**Task objective**
In the data below, one line contains "In real life, martial" and a later one contains "Bon appétit! Alright, thank". Print both, with every line between them, exactly and alone.

Task input Block Start

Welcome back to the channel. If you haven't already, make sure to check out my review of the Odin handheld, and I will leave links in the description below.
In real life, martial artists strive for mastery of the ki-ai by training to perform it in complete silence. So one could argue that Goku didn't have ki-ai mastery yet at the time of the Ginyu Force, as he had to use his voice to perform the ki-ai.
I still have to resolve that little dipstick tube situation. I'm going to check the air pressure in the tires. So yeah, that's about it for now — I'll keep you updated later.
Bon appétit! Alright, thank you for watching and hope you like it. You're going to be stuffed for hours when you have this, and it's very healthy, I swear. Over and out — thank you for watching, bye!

Task input Block End
Task input Block Start

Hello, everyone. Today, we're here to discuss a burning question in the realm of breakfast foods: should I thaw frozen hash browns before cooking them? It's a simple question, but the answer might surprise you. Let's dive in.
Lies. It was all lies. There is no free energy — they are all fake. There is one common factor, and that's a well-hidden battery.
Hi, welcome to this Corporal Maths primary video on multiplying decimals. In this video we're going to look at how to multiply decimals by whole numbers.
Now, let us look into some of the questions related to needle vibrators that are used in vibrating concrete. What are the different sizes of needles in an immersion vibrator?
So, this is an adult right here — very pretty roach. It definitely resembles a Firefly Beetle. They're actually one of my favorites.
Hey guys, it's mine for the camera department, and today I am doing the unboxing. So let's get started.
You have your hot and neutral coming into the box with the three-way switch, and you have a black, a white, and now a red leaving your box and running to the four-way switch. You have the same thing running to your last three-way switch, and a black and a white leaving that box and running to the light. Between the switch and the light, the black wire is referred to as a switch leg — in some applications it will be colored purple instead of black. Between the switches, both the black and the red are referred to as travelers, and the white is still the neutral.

Task input Block End
Task input Block Start

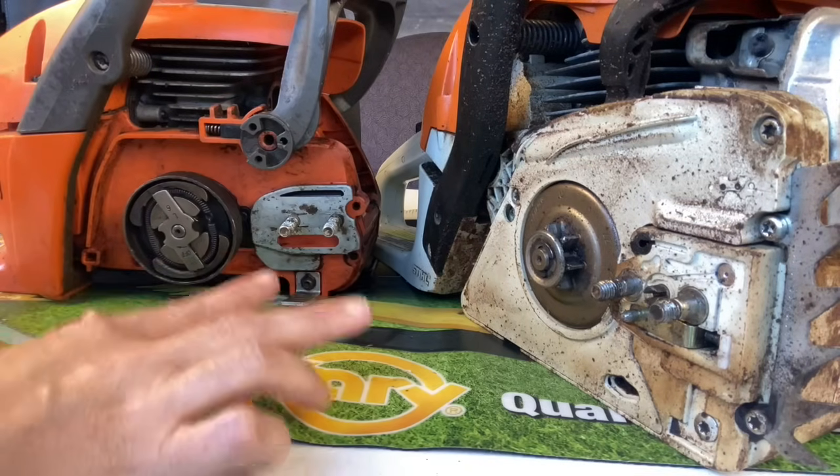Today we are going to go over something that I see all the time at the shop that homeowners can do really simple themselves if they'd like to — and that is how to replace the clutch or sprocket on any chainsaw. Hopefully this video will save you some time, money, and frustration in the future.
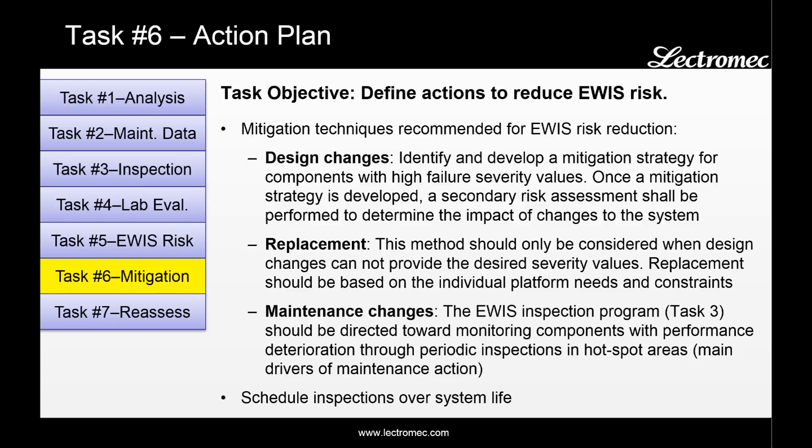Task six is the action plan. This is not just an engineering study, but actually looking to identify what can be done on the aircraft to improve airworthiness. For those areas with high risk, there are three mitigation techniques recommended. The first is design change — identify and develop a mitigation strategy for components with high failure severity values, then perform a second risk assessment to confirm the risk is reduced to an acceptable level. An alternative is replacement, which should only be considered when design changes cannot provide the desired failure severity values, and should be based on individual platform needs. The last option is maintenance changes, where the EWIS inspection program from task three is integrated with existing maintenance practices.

Task input Block End

**Answer to this exercise**
In real life, martial artists strive for mastery of the ki-ai by training to perform it in complete silence. So one could argue that Goku didn't have ki-ai mastery yet at the time of the Ginyu Force, as he had to use his voice to perform the ki-ai.
I still have to resolve that little dipstick tube situation. I'm going to check the air pressure in the tires. So yeah, that's about it for now — I'll keep you updated later.
Bon appétit! Alright, thank you for watching and hope you like it. You're going to be stuffed for hours when you have this, and it's very healthy, I swear. Over and out — thank you for watching, bye!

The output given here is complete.